Once you can recognise each of these phases of attack, you can begin to gauge the most opportune moment to block an incoming attack. As you observe the windup phase, you should mirror the direction of the incoming attack. For example, if an opponent is about to strike you from the left, you should aim your mouse to the left before you initiate the block or parry. If you aim to the right or above your head as you initiate the block or parry in this case, the blow will always hit you from the left. The concept is simple, but in practice it can be difficult to respond in time to the windup phase. As you level in athletics and with the melee combat skill of your choice (one-handed, two-handed, or polearms), you will find it easier to respond to the windup phase as your attack speed is increased.

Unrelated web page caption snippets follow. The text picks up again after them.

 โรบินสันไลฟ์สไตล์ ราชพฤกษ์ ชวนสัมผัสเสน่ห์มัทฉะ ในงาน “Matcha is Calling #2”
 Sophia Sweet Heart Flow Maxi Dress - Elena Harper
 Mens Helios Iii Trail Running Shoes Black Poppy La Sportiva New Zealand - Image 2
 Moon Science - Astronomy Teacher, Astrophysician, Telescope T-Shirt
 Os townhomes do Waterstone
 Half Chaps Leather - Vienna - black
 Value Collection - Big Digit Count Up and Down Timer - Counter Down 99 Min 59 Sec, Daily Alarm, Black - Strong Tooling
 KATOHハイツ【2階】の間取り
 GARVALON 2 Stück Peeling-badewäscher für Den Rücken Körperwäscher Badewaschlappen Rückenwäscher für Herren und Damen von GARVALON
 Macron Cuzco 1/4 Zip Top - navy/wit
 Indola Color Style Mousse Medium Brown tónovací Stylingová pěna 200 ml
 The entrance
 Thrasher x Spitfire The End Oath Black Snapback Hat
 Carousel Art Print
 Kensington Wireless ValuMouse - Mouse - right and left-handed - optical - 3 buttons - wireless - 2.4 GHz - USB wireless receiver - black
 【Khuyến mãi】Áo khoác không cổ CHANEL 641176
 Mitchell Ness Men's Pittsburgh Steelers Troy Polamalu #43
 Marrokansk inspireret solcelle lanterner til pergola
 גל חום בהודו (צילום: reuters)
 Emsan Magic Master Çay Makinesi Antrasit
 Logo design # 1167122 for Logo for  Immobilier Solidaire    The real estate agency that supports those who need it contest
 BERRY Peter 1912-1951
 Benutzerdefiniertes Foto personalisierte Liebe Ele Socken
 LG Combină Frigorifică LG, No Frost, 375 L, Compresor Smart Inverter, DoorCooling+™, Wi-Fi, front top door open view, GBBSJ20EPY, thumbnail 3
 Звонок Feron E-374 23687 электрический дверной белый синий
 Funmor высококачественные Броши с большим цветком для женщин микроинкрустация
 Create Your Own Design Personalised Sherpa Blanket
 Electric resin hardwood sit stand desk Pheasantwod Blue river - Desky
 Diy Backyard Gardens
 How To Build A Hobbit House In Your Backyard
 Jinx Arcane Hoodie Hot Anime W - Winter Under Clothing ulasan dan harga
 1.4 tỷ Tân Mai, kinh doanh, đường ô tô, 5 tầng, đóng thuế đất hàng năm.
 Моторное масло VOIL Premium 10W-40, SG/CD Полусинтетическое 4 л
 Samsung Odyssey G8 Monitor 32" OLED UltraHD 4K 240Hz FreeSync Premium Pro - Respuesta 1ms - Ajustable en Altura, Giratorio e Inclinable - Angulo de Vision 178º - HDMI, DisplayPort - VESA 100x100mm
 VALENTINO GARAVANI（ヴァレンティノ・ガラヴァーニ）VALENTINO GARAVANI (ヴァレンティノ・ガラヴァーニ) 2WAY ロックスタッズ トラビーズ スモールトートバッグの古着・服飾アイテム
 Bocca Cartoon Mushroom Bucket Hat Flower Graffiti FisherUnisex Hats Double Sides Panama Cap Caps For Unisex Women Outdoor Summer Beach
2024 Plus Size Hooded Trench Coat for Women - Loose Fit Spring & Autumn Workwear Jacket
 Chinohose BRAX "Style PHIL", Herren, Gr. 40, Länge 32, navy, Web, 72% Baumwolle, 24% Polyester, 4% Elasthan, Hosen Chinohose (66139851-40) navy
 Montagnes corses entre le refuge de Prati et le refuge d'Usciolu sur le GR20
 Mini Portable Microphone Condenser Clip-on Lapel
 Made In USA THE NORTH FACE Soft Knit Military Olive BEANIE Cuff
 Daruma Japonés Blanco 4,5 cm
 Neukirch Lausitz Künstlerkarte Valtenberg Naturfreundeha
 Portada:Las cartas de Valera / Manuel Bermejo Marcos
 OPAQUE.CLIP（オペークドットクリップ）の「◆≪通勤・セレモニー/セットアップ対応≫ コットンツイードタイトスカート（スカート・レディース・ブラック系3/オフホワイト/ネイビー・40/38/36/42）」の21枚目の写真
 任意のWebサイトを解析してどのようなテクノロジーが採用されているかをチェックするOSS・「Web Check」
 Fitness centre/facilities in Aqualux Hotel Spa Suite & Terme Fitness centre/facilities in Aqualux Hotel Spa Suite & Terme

The release phase is the point at which an opponent commits to their attack in a particular direction. For the most part, low level units will always strike at your from the initial direction of their windup, but some higher level units may attempt to change this as the last moment. This is called feinting, which you can learn how to execute yourself below. It is important to leave the moment you commit to a block as late as possible to avoid being tricked by a feint. So once again: pay close attention to the sword-arm of your opponent. You may begin to recognise the direction of an attack more intuitively as you become more accustomed to the combat system, but you will need to remain focused on every movement until then, especially when fighting multiple opponents.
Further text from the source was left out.